Já está claro que esta é uma crise sistêmica. Não podem ser vistas como isoladas as crises de segurança alimentar, ambiental, energética e financeira. É uma crise do modo de produção capitalista de mercado e de sua narrativa que explica o mundo como um campo de competitividade, de conquistas e derrotas, de uma predação sem limites.
Mas, se os capitalistas estão sofrendo suas perdas, o que irá acontecer com as legiões de pobres que aumentam a cada dia? Também está claro que as conseqüências sociais da crise serão perversas e que os conflitos sociais vão se intensificar.
Desta vez esta crise sistêmica não vem só. O planeta não agüenta mais o grau de degradação ambiental que o atual modo de produção impõe. A rarefação da camada de ozônio, a escassez de água, o aquecimento global, a destruição das florestas, a extinção das espécies, tudo aponta para uma catástrofe anunciada que ninguém consegue frear.
Os analistas que recuperam a dimensão histórica dos processos atuais apostam numa ampla mobilização social, em transformações profundas, mas não constroem a narrativa da sociedade futura. O que virá depois deste modo de produção capitalista de mercado?

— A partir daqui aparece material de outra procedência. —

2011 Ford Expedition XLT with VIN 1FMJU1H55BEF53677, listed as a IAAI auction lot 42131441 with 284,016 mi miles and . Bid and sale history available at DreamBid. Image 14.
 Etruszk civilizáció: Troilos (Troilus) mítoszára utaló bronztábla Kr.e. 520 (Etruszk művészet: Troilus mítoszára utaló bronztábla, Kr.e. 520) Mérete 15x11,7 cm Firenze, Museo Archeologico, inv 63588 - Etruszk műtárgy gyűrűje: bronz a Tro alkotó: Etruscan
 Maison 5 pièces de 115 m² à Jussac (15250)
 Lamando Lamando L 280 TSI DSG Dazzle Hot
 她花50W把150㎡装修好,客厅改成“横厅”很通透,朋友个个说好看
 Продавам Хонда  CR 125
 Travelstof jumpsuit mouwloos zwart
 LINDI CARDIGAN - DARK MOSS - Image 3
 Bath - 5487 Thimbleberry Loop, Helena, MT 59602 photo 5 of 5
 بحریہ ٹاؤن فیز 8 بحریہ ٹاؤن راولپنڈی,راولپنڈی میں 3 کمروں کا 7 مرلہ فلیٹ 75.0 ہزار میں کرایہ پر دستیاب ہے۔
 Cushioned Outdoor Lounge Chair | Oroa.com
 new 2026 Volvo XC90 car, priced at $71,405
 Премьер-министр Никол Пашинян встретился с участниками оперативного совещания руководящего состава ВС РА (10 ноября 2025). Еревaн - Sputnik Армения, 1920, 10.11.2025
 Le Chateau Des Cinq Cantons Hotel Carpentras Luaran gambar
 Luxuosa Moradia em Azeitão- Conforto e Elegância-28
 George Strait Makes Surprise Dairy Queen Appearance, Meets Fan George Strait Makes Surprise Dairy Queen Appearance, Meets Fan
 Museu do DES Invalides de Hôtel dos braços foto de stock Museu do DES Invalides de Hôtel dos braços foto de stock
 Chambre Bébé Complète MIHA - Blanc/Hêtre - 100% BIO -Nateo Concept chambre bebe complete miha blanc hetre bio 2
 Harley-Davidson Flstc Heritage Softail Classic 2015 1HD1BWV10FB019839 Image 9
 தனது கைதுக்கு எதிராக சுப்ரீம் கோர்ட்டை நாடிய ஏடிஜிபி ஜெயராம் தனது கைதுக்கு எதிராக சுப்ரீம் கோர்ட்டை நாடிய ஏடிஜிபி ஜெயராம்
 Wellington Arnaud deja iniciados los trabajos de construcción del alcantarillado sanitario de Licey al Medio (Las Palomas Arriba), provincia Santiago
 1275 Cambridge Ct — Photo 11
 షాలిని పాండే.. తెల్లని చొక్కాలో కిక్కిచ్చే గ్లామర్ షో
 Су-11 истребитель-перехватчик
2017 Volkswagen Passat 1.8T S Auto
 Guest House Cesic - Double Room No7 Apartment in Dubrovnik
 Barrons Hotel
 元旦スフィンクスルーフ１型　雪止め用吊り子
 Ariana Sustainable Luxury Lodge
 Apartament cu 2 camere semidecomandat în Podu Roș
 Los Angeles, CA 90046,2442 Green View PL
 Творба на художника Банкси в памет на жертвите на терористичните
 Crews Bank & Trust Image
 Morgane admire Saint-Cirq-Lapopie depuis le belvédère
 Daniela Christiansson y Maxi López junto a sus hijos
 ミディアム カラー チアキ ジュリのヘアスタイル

Abre-se um novo período de disputas e negociações. Novos atores e novos sujeitos políticos entram na cena pública na América Latina e apresentam suas demandas, que começam por exigir mais democracia. Os movimentos sociais ganham vigor e articulam-se em redes, buscam suas conexões com a política, com as universidades, com as classes médias, elaboram plataformas, propõem políticas, soluções.
Em muitos países da América Latina, amplas maiorias elegem governantes de novo tipo, mais comprometidos com os interesses populares. Com isso, estão dadas condições para instituir novas relações entre Estado e sociedade civil. Processos constituintes, reformas políticas, referendos e participação cidadã na gestão pública vão criando novos espaços de negociação e buscam a realização de um novo contrato social. Pois é disso justamente que se trata – a aspiração mais geral que vem de todos esses movimentos é criar um novo contrato social, fundar uma nova sociedade.
Já existiu no passado uma experiência de contrato social que avançou no reconhecimento dos direitos humanos. Foi o Welfare State, o Estado do Bem-Estar Social. Resultado das lutas conduzidas durante um século pelos movimentos operários e sociais, cristãos e socialistas, ele foi aceito pelas classes dominantes para demonstrar, entre outras coisas, que o sistema capitalista de mercado pode responder de maneira mais eficaz que o socialismo-comunismo ao objetivo de realização de uma sociedade justa, solidária, democrática e fundada na igualdade entre todos os cidadãos.
Hoje a situação é outra. Não há mais a ameaça comunista. E os setores mobilizados da sociedade não correspondem mais ao proletariado de antigamente. Mas as apostas por mudanças estão mais fortes, impulsionadas por grupos que se constituem a partir de outras identidades. Apesar de toda essa mobilização, falta uma narrativa de uma nova sociedade, uma interpretação do que pode ser o futuro que empolgue multidões.
A principal tarefa da esquerda é propor um mundo novo, pensar uma nova sociedade, construir uma utopia, construir uma narrativa – com passado, presente e futuro – que seja capaz de prefigurar uma nova sociedade.
*Silvio Caccia Bava é diretor e editor-chefe do Le Monde Diplomatique Brasil.